- [Supplied material]:
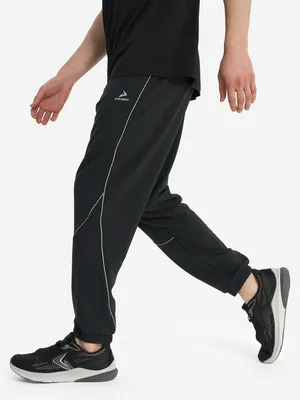 Брюки мужские Demix, черный, арт. 136116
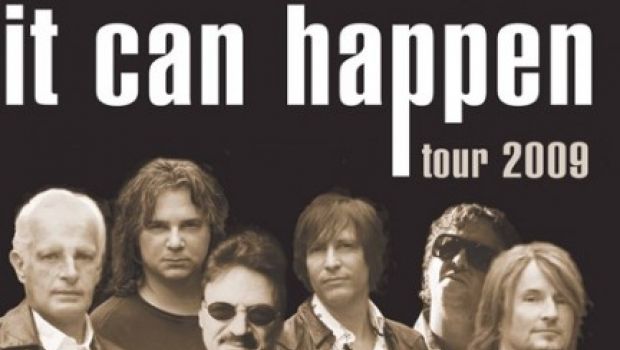 Yes + Toto = It Can Happen Tour, le date italiane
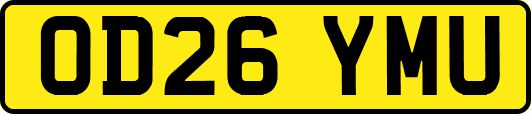OD26YMU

- [Work task]:
Without the pictures, transcribe exactly the lines above from the one containing "Yes + Toto = It" through the last.

- [Answer area]:
 Yes + Toto = It Can Happen Tour, le date italiane
OD26YMU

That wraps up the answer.